Temat z wariacjami, trzy jednoaktówki: 1. Nocna rozmowa z człowiekiem, którym się gardzi, 2. Samoobsługa, 3. Opowiadanie o zoo
Jaszcz, Trybuna ludu, 19.10.1962
Pod względem reżyserskim, aktorskim "Temat z wariacjami" stoi na wyżynach sztuki teatralnej. Gdzie, jak często możemy zobaczyć równie doskonałe artystycznie przedstawienie w Polsce, i także poza Polską? Jerzy Kreczmar - niezrównany reżyser "Czekając na Godota" - pokazał jak znakomicie włada sceną dramatu intelektualnego, dramatu awangardowej kameralistyki, żaden zawijas myślowy nie uchodzi jego uwadze, żadnego szczegółu psychicznych tortur nam nie oszczędza.
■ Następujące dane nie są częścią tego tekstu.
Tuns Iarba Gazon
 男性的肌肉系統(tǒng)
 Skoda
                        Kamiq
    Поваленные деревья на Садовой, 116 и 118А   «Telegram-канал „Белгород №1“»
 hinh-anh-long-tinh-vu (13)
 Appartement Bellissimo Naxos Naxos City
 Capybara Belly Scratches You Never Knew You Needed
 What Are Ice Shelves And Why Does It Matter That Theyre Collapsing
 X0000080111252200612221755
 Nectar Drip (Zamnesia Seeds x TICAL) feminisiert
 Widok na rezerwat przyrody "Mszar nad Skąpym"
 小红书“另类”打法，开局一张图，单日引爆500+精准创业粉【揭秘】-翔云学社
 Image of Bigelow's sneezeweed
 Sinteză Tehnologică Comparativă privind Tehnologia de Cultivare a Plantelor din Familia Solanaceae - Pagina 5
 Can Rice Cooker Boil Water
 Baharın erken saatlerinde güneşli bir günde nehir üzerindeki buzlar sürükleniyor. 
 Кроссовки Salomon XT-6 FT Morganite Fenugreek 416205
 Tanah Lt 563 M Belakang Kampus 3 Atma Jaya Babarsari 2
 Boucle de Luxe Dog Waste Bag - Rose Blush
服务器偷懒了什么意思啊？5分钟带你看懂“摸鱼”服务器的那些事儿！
Wartościowa jest scenografia Jana Kosińskiego, nie narzucająca się, przykładnie funkcjonalna, mimowolny wzór dla tych pretensjonalnych scenografów, których wysuwanie na plan pierwszy w widowisku prowadzi do ogólnie złych (także artystycznie) rezultatów. Przedstawienie w Teatrze Współczesnym jest jednością inscenizacyjną, a nie zlepkiem nierozsądnych eksperymentów. W okresie gdy z tragedii antycznej chce się robić dramat Camusa a z komedii romantycznej groteskę Witkacego - ta jedność treści i formy jest dojrzałością artystyczną, przeciwstawioną sztubactwu.